PROBLEM DESCRIPTION.
Would you output the entries below only from the line containing "Volvo XC40 211PK" through the line containing "Image 42 of", exactly as they stand and with both ends included?

Source records:
•••••

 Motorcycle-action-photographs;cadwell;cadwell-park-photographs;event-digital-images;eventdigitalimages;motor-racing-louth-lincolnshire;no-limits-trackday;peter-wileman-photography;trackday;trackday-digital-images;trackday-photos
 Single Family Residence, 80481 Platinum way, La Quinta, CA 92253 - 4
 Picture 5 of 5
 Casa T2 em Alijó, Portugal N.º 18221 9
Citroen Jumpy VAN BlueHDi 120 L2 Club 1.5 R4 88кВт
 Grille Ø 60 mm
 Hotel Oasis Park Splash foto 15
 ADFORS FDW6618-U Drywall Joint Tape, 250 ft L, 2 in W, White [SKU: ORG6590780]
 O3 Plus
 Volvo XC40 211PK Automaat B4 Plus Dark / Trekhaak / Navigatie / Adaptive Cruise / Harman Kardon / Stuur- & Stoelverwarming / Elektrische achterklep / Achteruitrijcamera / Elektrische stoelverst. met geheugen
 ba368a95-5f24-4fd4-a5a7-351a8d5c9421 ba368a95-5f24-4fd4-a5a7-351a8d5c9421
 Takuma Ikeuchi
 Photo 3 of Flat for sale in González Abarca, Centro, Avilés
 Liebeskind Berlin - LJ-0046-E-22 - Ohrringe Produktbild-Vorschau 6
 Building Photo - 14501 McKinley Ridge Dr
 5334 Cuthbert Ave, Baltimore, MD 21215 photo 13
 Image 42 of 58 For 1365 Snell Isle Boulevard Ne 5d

•••••

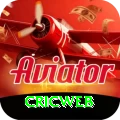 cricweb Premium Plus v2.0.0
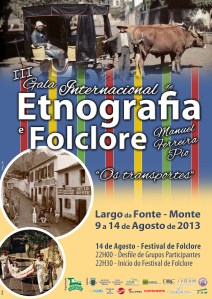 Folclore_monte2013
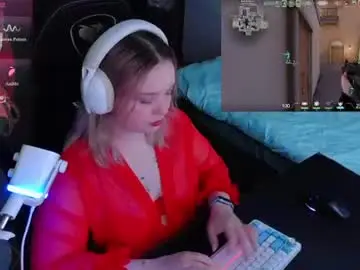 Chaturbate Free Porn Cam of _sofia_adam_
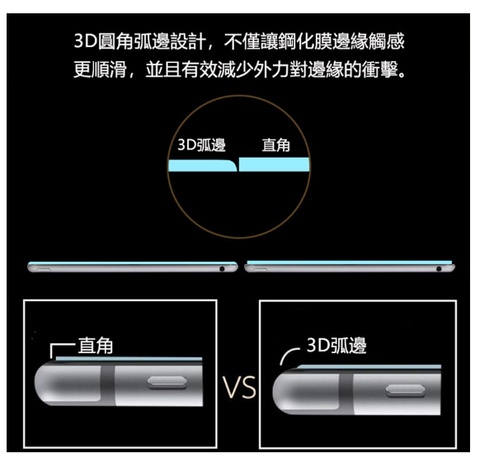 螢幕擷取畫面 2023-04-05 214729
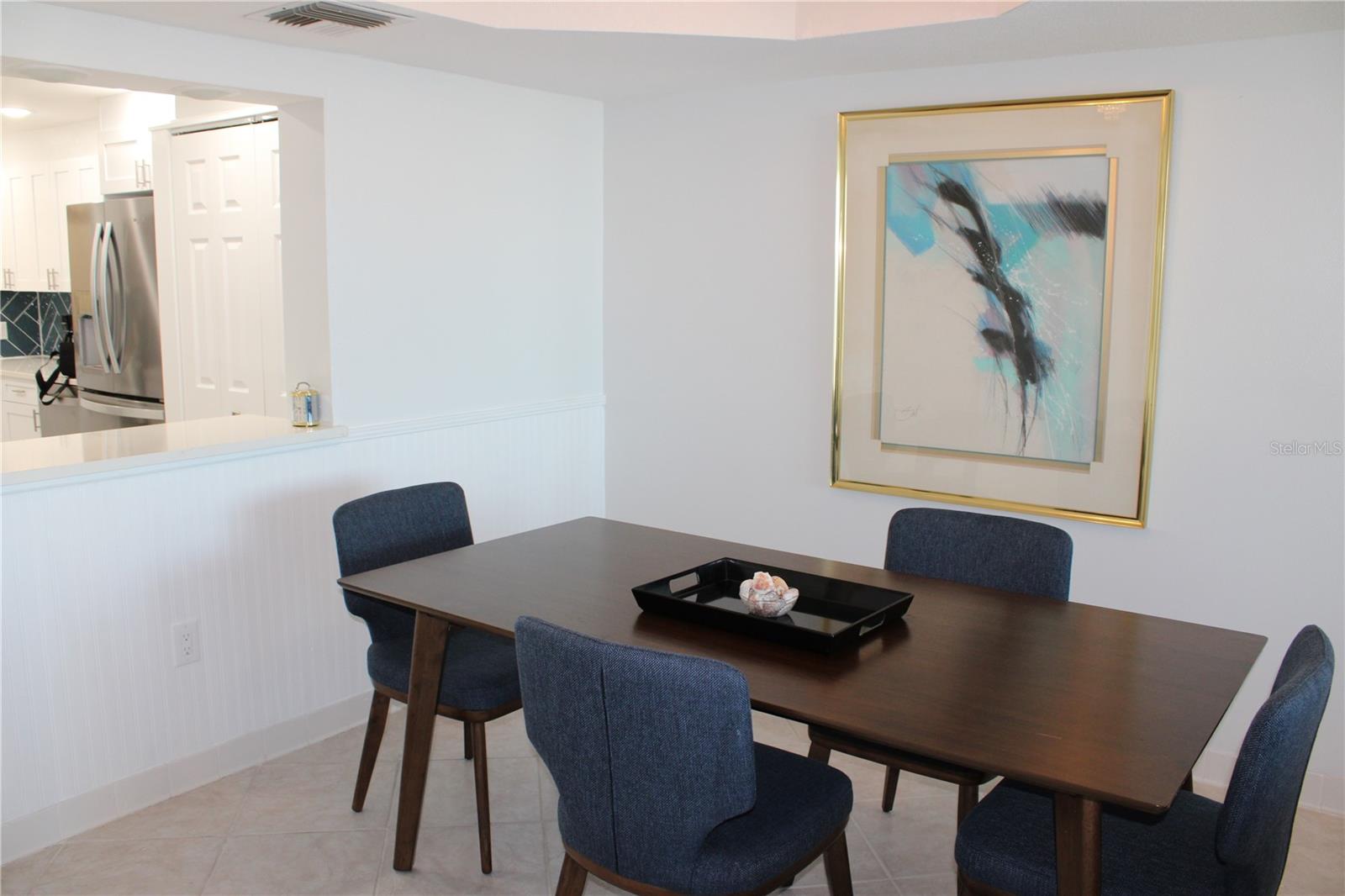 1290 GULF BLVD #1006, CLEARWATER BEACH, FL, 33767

•••••

FINISHED EXERCISE.
 Volvo XC40 211PK Automaat B4 Plus Dark / Trekhaak / Navigatie / Adaptive Cruise / Harman Kardon / Stuur- & Stoelverwarming / Elektrische achterklep / Achteruitrijcamera / Elektrische stoelverst. met geheugen
 ba368a95-5f24-4fd4-a5a7-351a8d5c9421 ba368a95-5f24-4fd4-a5a7-351a8d5c9421
 Takuma Ikeuchi
 Photo 3 of Flat for sale in González Abarca, Centro, Avilés
 Liebeskind Berlin - LJ-0046-E-22 - Ohrringe Produktbild-Vorschau 6
 Building Photo - 14501 McKinley Ridge Dr
 5334 Cuthbert Ave, Baltimore, MD 21215 photo 13
 Image 42 of 58 For 1365 Snell Isle Boulevard Ne 5d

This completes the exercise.